Back in 1971, these three people go to a hotel and to share a room. The manager tells them the room is $30, so they each give him $10. When they get to their hotel room, the manager drops by to explain that a special $25 rate is in place, and returns $5 in ones to them. They each take a dollar, and give back the remaining $2 to the manager for his honesty.

Now, if each of the three people paid $10 and got $1 back, they paid $9 a piece, or a total of $27 (3 × 9). The manager gets $2, so that adds up to $29.

Where is the other dollar?

The issue here is how the money is counted. When you subtract $1 from each persons $10, you have accounted only for the $3 returned by the manager. When you multiply each persons $9 (10 - 1) you get $27, whichs accounts for the $3 returned by the manager, but is $2 more than the $25 paid to the hotel. The $2 is, of course, with the manager, so if you subtract the $2 from the $27, you get $25, which accurately accounts for the money.

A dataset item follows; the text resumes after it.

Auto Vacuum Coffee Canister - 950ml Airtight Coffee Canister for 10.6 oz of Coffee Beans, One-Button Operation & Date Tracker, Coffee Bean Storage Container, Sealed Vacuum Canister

In order to understand this process, you must first have some basic understanding of algebraic concepts. Consider the following equation: (X+Y)(X-Y) = X(X-Y) + Y(X-Y) = X²-XY+YX-Y² = X²-Y²

Step		Process
Let X=Y		X=Y
Multiply both sides by X		X2=XY
Subtract Y2		X2-Y2=XY-Y2
Factor out		(X+Y)(X-Y)=Y(X-Y)
Divide by (X-Y)		X+Y=Y
Replace Y with X		X+X=X
Simplify		2X=X
Divide by X		2=1

As in any theorum, each step must be valid. In this case, the error occurs when you divide by (X - Y). Since it is stated that X = Y, then X - Y = 0. Dividing by zero produced an undefined quantity, thus invalidating the theorum.

We learned early in school that we can't divide by zero

Think of three words ending in gry.
Angry and hungry are two of them.
There are only three words in the English language.
What is the third word?,
The word is something everyone uses every day.
If you have read carefully,
I have already told you what it is.

What is the word?

This is the ultimate example of misdirection. Here you are led to believe that the answer is a word that ends in GRY. Although there are some obscure words that do (e.g. augry, a variant of augury), the issue is different. On the third line, you are told there are three words in "The English Language", however, the author of this puzzle conveniently left out the quotes. The quotes would have shown us that the focus of the puzzle had changed from the -GRY words to the phrase "The English Language".

The third word in "The English Language" is "Language", duh!

Count all the squares on a standard checkerboard. (English, not Chinese).

What is the amount?

Yes, there are 64 single color squares on a checkerboard, but there are also:

• 49 groups of 4 squares
• 36 groups of 9 squares
• 25 groups of 16 squares
• 16 groups of 25 squares
• 9 groups of 36 squares
• 4 groups of 49 squares
• 1 group of 64 squares

That makes 204 squares on a checkerboard. Games Magazine recently published a puzzle in which the answer was found by knowing how many squares on a checkerboard. The editors conceded that the question was ambiguous.